I have tested my tank and the kh is about6-7 drops and my gh is 7 drops.
So my question is ,is each drop a degree?
If that was the case with the chart below,does it mean my tank is 6-11(100 - 200 ppm)?????
GH & KH RANGE - Aquarium Life
0°-3° (0-50 ppm) discus, arowanas, elephantnose, neons, cardinals, live plants

3°-6° (50-100 ppm) Most tropical fish including angelfish, cichlids, tetras, botia, live plants

6°-11° (100-200 ppm) Most tropical fish including swordtails, guppies, mollies, goldfish

11°-22° (200-400 ppm) Rift lake cichlids, goldfish, brackish water fish

The chart that came with my liquid test kit is a little confusing.


----------



## jrman83 (Jul 9, 2010)

It does mean each drop = 1 degree.

Don't worry about the list of recommended fish. Unless you are going to have something like Discus, nearly all fish can thrive outside what they would call their preferred range. Whenever you bring a new fish to your tank just take the time to properly acclimate it and it should do just fine. People drive themselves crazy over these lists and it's usually when they start to mess with things to try and get their tanks "just right" that something is done wrong and endangers the fish, if not kill it.


----------



## Gizmo (Dec 6, 2010)

Agreed. I have the exact same levels - 6-8 degrees KH, 7-9 degrees GH, in drops. My fish have been alive and thriving in that environment for years.

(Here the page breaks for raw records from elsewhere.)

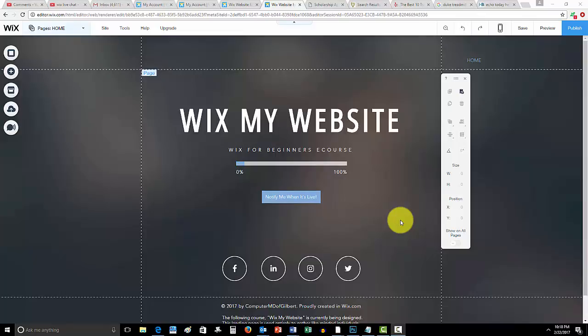What is up guys, ComputerMD of Gilbert here, and in today's video, I'm going to show you how to add a live chat to your Wix website.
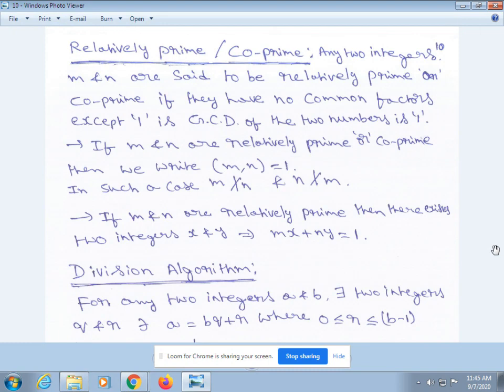If m and n are relatively prime or co-prime, then we write the ordered pair (m, n) = 1. In such a case, m does not divide n and n does not divide m.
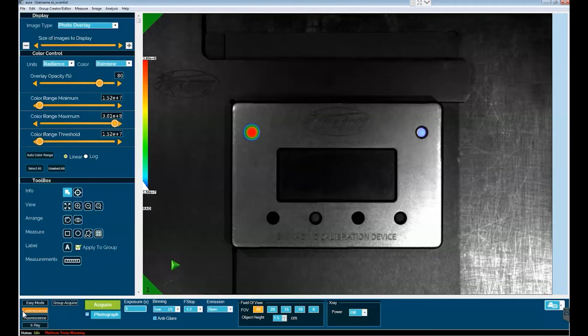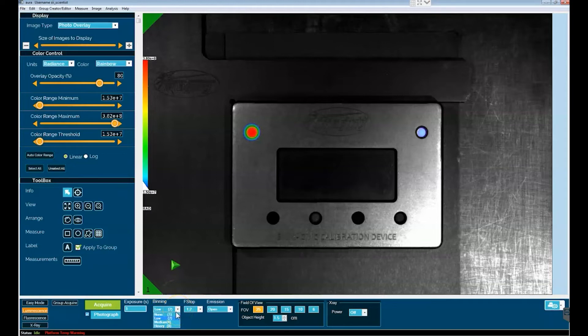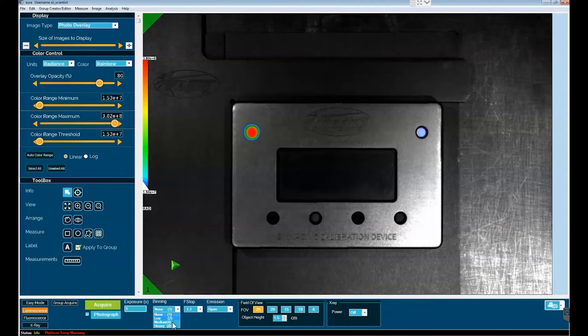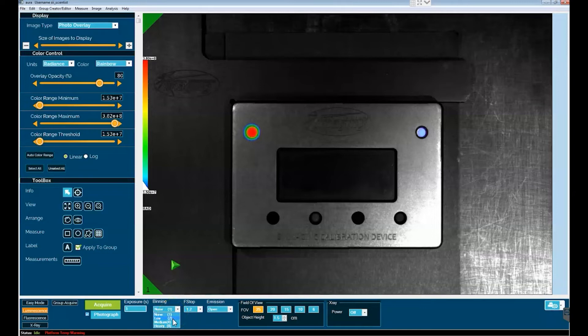You typically don't want to image longer than that. Binning options range from unbinned, designated as none or one, to heavy binning which is eight by eight binning, and typically one will use either low or medium binning.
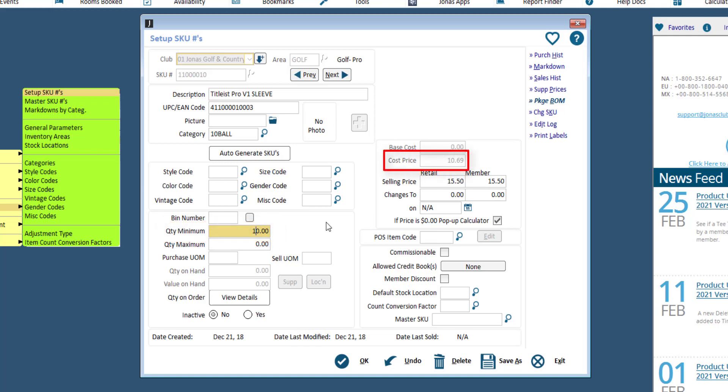Enter the cost price, which is the price it costs you to purchase this item from the supplier. Enter the selling price, which is the price you will be selling the item for. This price should be before taxes and service charges.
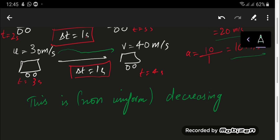You cannot confuse decreasing acceleration with deceleration — that is a different concept which will be discussed later.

The only time I would worry about hardness and alkalinity is when you have live plants, because over time they will soften the water by removing carbon and other minerals. Things like Grumpy's GH booster, available from Rex Grigg's dry fertilizer website, can replenish GH, but without live plants such a booster is completely useless. With that being said, I have a TON of plants in my tank and regular 30% weekly PWC's keep my KH and GH stabilized.


----------